The weather in 1968 brought Essex the worst flooding that had been seen since the great tidal surge of 1953. The weather had been so bad that the railway network failed between Wickford and Raleigh and so a bus service was put in place. The bus driver, Mr. David Dockerill, was not to be put off of his task by mere flood water and, on the outskirts of Woodham, he moved his passengers to the top deck of the bus. The weather had created such high water levels that the lower deck was flooded as Mr. Dockerill forced the vehicle through the flood waters, but the passengers were safe in the upper deck and were delivered to their destination dry and safe. In 1990, the weather event of the year took place on the 25th January when a gale of such severity hit the county that on the A12 junction with the A414, at South Woodham Ferrers, seven lorries were blown over and a passenger was injured when a coach was forced into a ditch.

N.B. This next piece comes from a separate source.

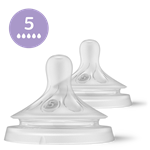 Philips AVENT - Cumlík Natural Response SCY965/02, 5 rýchly prietok 6m+, 2 ks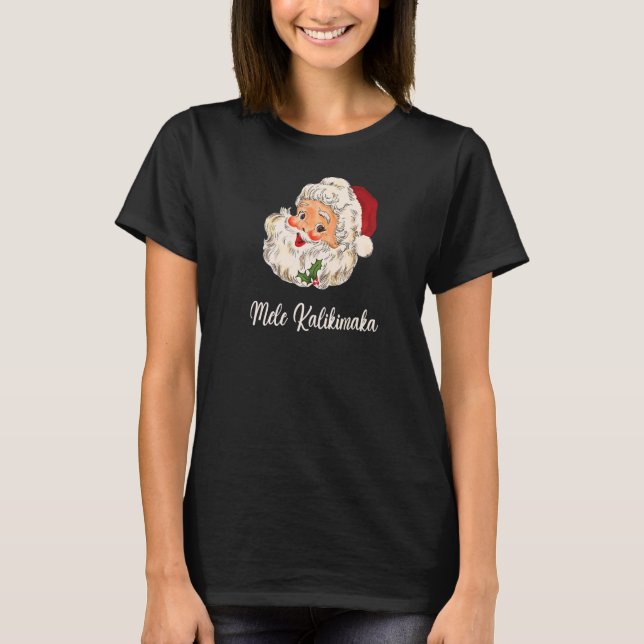 Mele Kalikimaka Hawaiian jul Ljus Julafton San T Shirt (Framsida)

South Woodham Ferrers History

South Woodham Ferrers was originally a part of the village of Woodham Ferrers, which sits a little to the North of the town. A railway station was opened to serve the community of South Woodham Ferrers in 1889, but it was not until the 1960's and 70's that the town began to develop at a rapid speed around the site of the railway station. In 1981, Queen Elizabeth II officially opened the newly completed town Square in South Woodham Ferrers. The William de Ferrers Secondary School, which is situated in the town centre, opened its doors for the first time in 1982 and uses the main retail area as part of its campus. South Woodham Ferrers is home to the Crouch Vale Brewery whose ale won the award of Champion Beer of Britain in 2005 and 2006 at the Great British Beer Festival.

Many of the street names on South Woodham Ferrers have a link to JRR Tolkien's book characters. It is rumored that the Radar Test Station, situated on Bushy Hill on the edge of South Woodham Ferrers, appears in the James Bond film, Goldeneye.